わたしが女子高生の頃は、肩より長い髪は結ばなくてはいけなかったのに、歩道を歩く女子校生たちは肩より長い髪を下ろしている。紺色の制服に、さらさらの黒髪が、顔の横で揺れているのを、自動車教習所の送迎バスの中から眺めている。格別、女子高生に思い入れもない、自分が高校生だったときのこともよく覚えていない。Oさんは今自動車教習所に通っていて、私はヒマだったのでついてきた。そしたら、まんまと遅刻して、キャンセル待ちになってしまった。教習所には若者がほとんどで、休憩室で自販機のカップコーヒーを飲んでいたら、後からやってきた若者たちは微妙にずらして座る。この距離感は若者ならではで、年をとると気持ちの距離感がとれる分だけ、実際の距離は図々しくも近いものとなってしまう気がする。

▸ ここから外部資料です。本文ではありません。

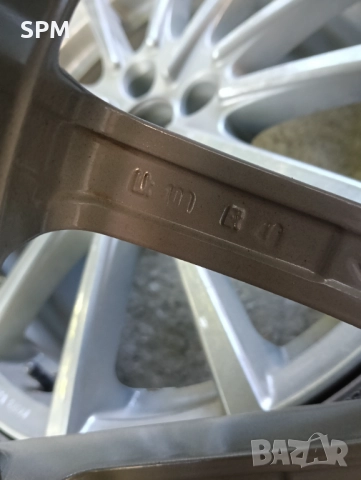 Лети джанти "Borbet" 17" 4x100, снимка 13 - Гуми и джанти - 51803541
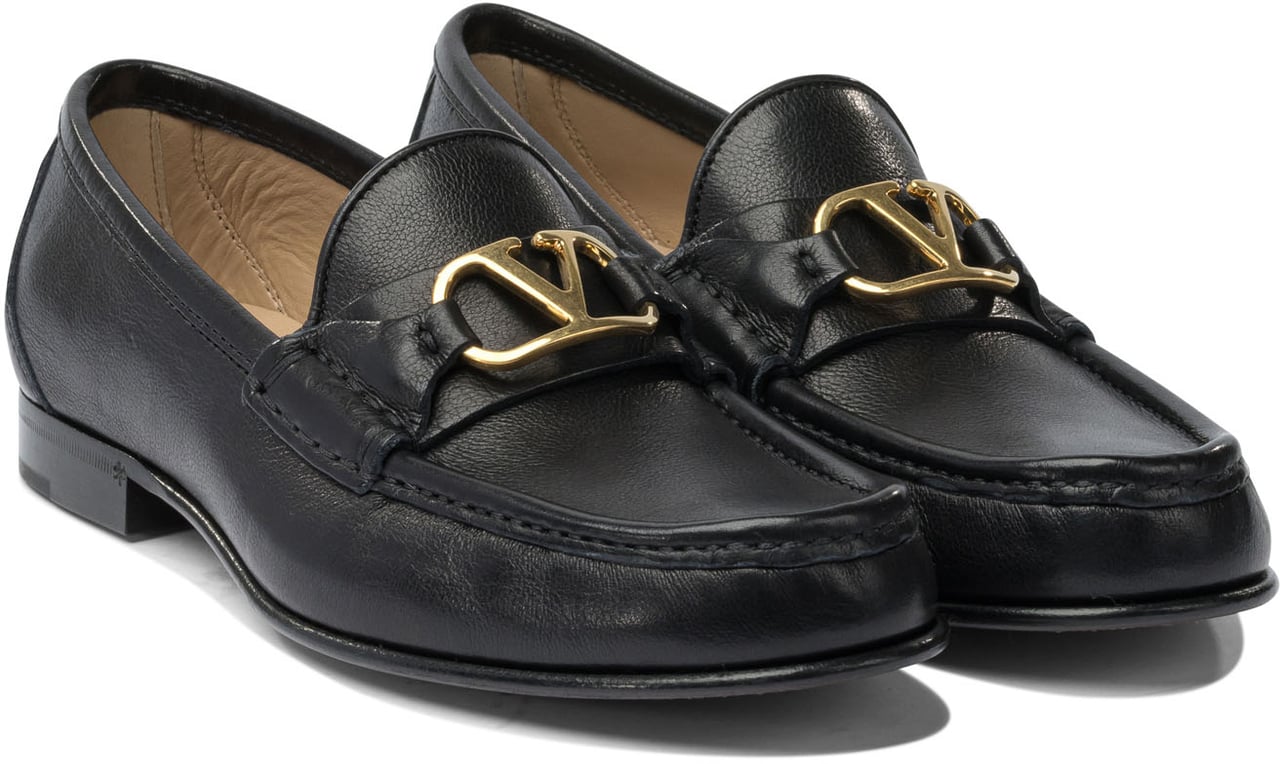 Valentino Garavani "VLogo Signature" loafers Zwart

体は近くて、気持ちは距離を置く方が得策なのだ多分。これまた得策を確保して行かなくては、やってられないのだ仕事なんて。朝、出勤したら休憩室に新しく縦型の靴箱が据えられて、靴がそれぞれ収められていた。とてもいまいましくなった。靴までも管理下かと思うと、嫌だ嫌だ。嫌だ嫌だといいながら、靴箱に自分の靴を収める。そういえば、以前派遣で働いてたころ、決まったロッカーじゃないところに自分の荷物を入れていたら、同僚の女子から批判のメールが来て無視されるようになった。ロッカーとか靴箱とか、ルールの象徴なのだ!家への帰り、近所の一軒家に梅の花が咲いていた。今年は初めてで、来年は2度目で再来年は3度目で、そいでそのうち、どーでもよくなって、何度目かも忘れてしまうのだ。